• Link został skopiowany

Niedowierzanie w NBA. Doncić i James mieli roznieść ligę, a to już koniec!

Luka Doncić i LeBron James mieli być gotowi na walkę o mistrzostwo NBA już tej wiosny, a skończyło się na I rundzie fazy play-off. W piątym meczu serii z Minnesota Timberwolves koszykarze Los Angeles Lakers walczyli o przedłużenie swojego sezonu, a zakończyło się bolesną porażką i odpadnięciem z gry.
BASKETBALL-NBA-LAL-MIN/
Gary A. Vasquez / IMAGN IMAGES via Reuters Connect

Los Angeles Lakers po wymianie Anthony'ego Davisa na Lukę Doncicia mieli być jedną z sił nie do zatrzymania w NBA. Duet Słoweńca z LeBronem Jamesem miał natychmiast dać drużynie szansę na mistrzostwo ligi, a już z pewnością na pokonanie Minnesota Timberwolves w pierwszej rundzie fazy play-off Konferencji Zachodniej. Skończyło się jednak na marzeniach. 

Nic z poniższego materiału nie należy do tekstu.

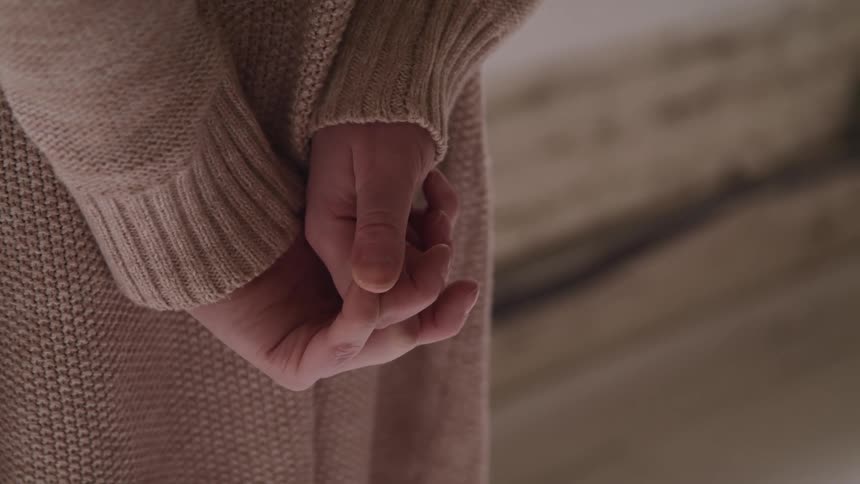 A woman is holding her hands together indoors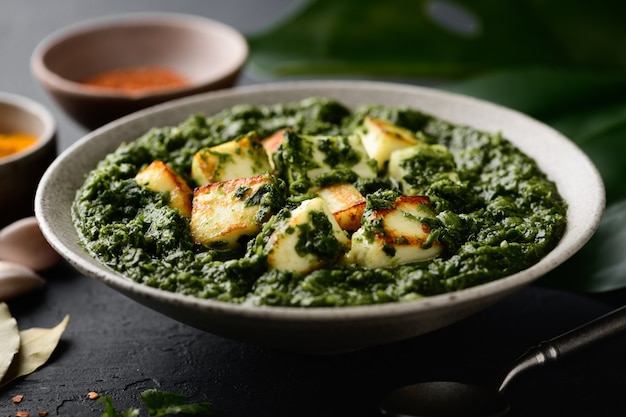 Plato indio Palak Paneer sobre fondo negro, enfoque selectivo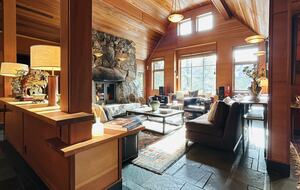 Living Room with dramatic mountain and forest views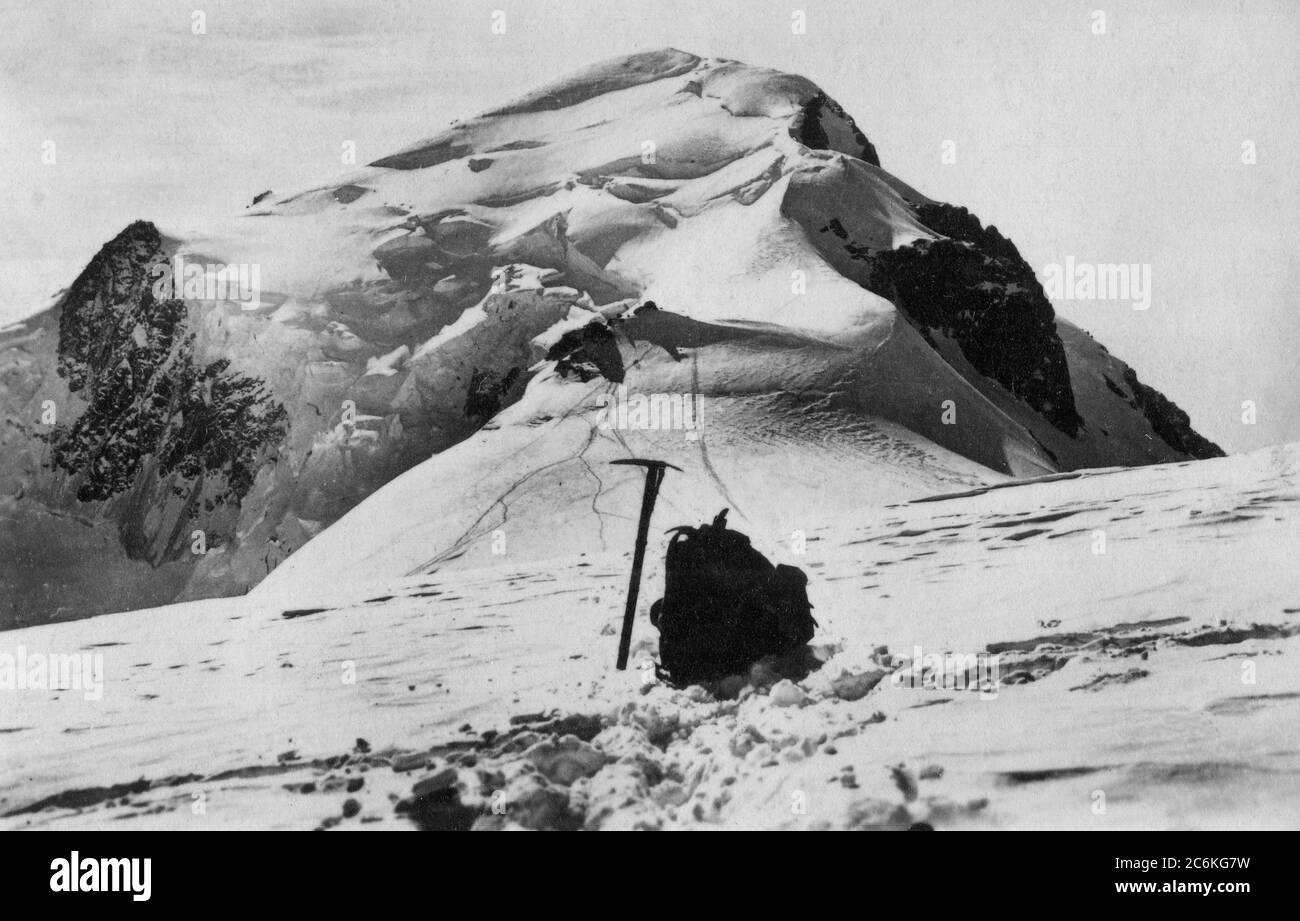 The mountain Mont Blanc with an ice axe and knapsack in the foreground. 1930s Stock Photo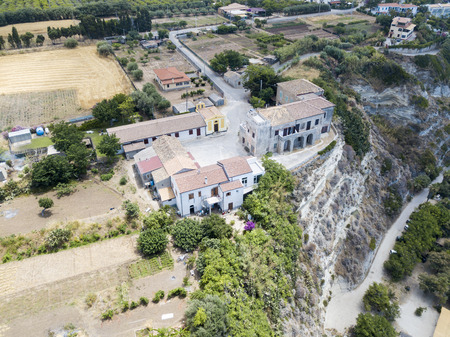 Aerial view of houses on the rock over a promontory overlooking the sea, Ricadi, Capo Vaticano, Calabria. italyの写真素材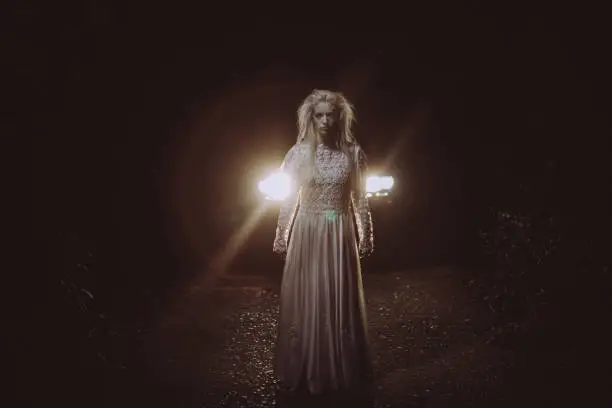 One woman, she masked herself in a scary witch for halloween, standing in front of a car.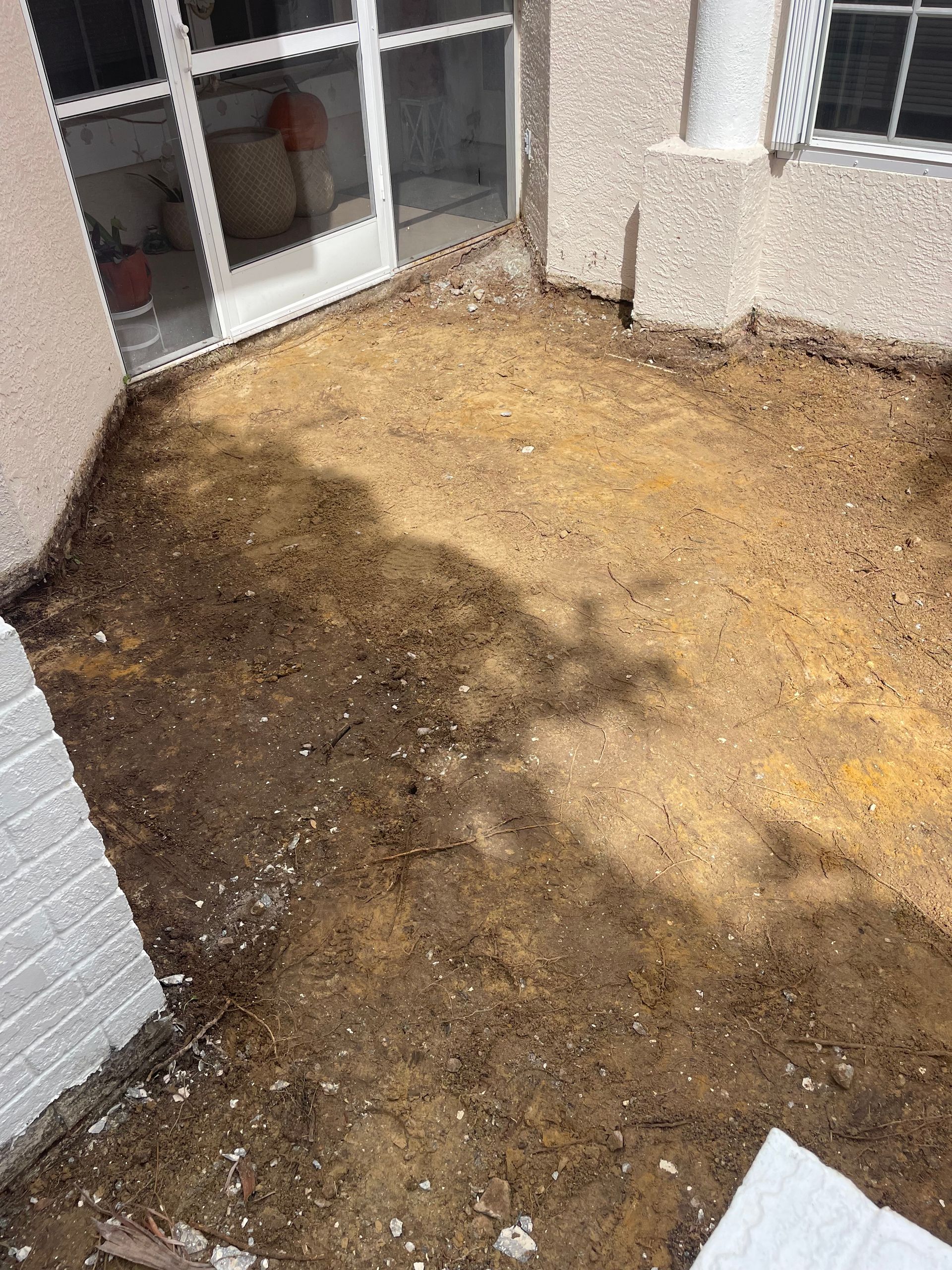 Dirt patch between a house and a screened porch, with shadows and light-colored brickwork on the side.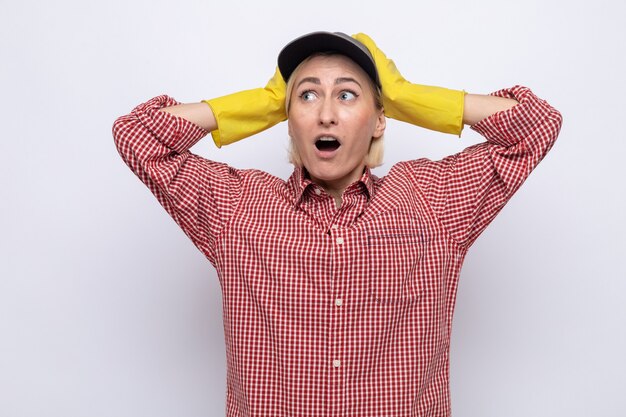 Cleaning woman in plaid shirt and cap wearing rubber gloves looking aside amazed and surprised holding hands on her head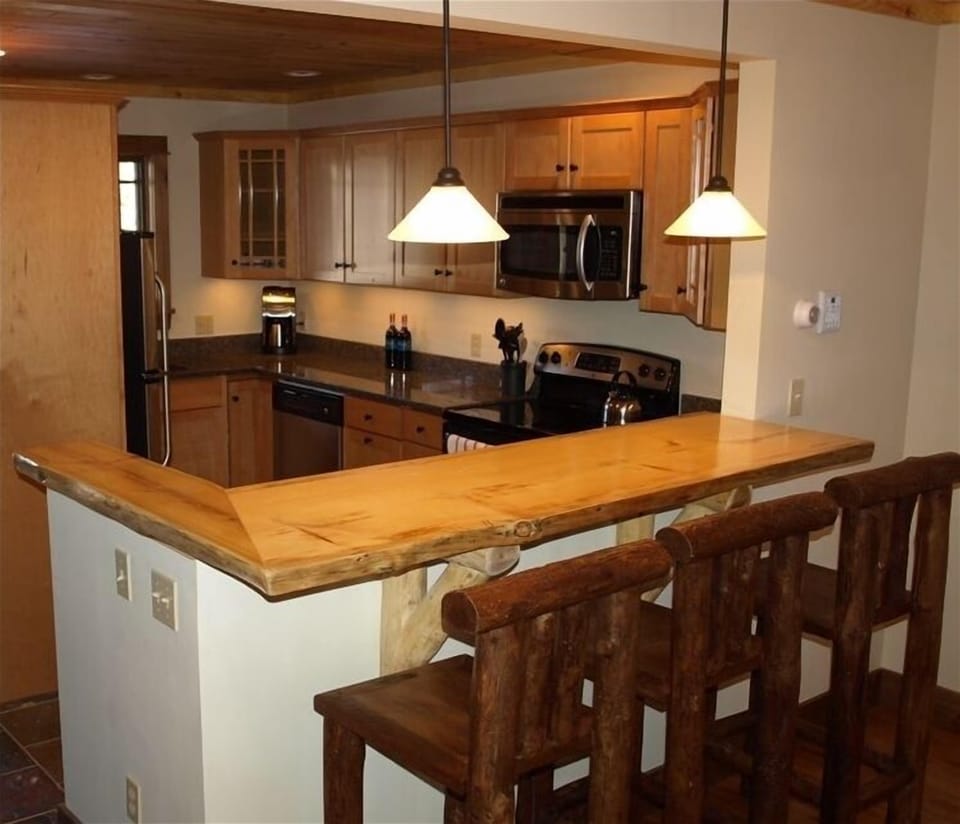 Kitchen: granite and stainless.  Wood slab bar with rustic barstools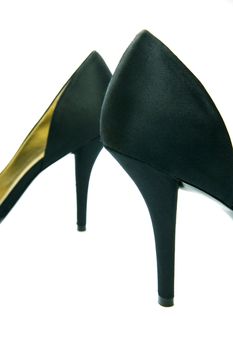 A pair of high heel shoes isolated against a white background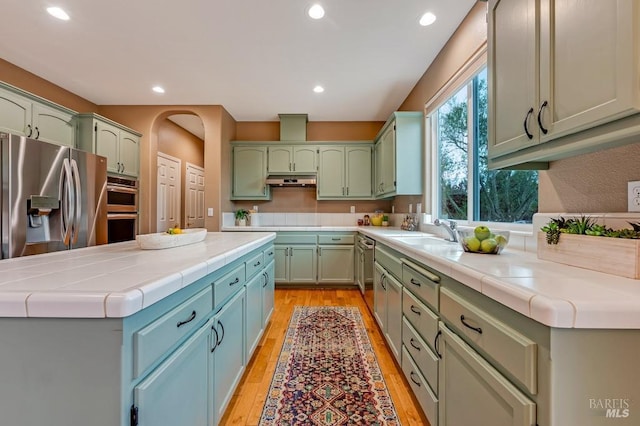 kitchen featuring appliances with stainless steel finishes, light wood-type flooring, a sink, green cabinetry, and recessed lighting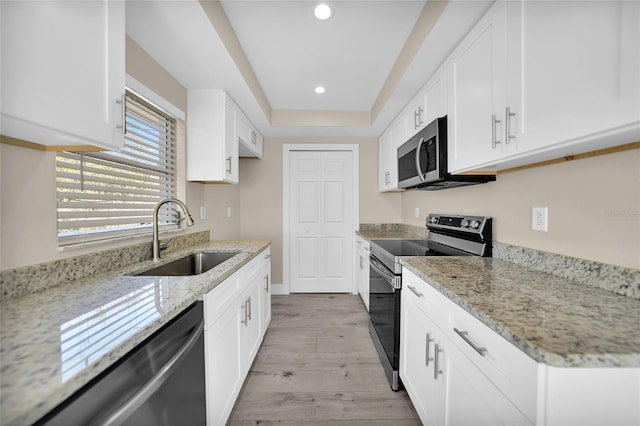 kitchen with white cabinets, light stone counters, sink, and stainless steel appliances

Zobacz wideo Kto zdobędzie Złotą Piłkę? Raphinia czy Yamal? "On jest kozakiem"

LeBron James i Luka Doncić poza play-offami. Blamaż Los Angeles Lakers w NBA

Lakers wysoko przegrali pierwszy mecz, wyrównali stan rywalizacji po drugim, a w dwóch kolejnych ulegli Timberwolves kolejno dwunastoma i trzema punktami. Przed własną publicznością w nocy ze środy na czwartek walczyli o utrzymanie się w grze i byli faworytami tej potyczki. 

Jednak już w pierwszej kwarcie przegrali dziewięcioma punktami, a w drugiej goście dołożyli jeszcze jeden punkt przewagi. Po długiej przerwie Lakers wzięli się za odrabianie strat i przed ostatnią odsłoną tablica wyników wskazywała 80:81 na ich niekorzyść.

W ostatnich 12 minutach kluczowe okazały się wydarzenia od wyniku 88:88. Wówczas goście zdobyli pięć kolejnych "oczek", James trafił za trzy punkty, a następnie łatwych rzutów spod kosza nie trafili Doncić i Austin Reaves. Gospodarze faulowali, próbowali rozwiązywać akcje kolejnymi próbami za trzy, ale finalnie nie dali rady. Timberwolves wygrali 103:96.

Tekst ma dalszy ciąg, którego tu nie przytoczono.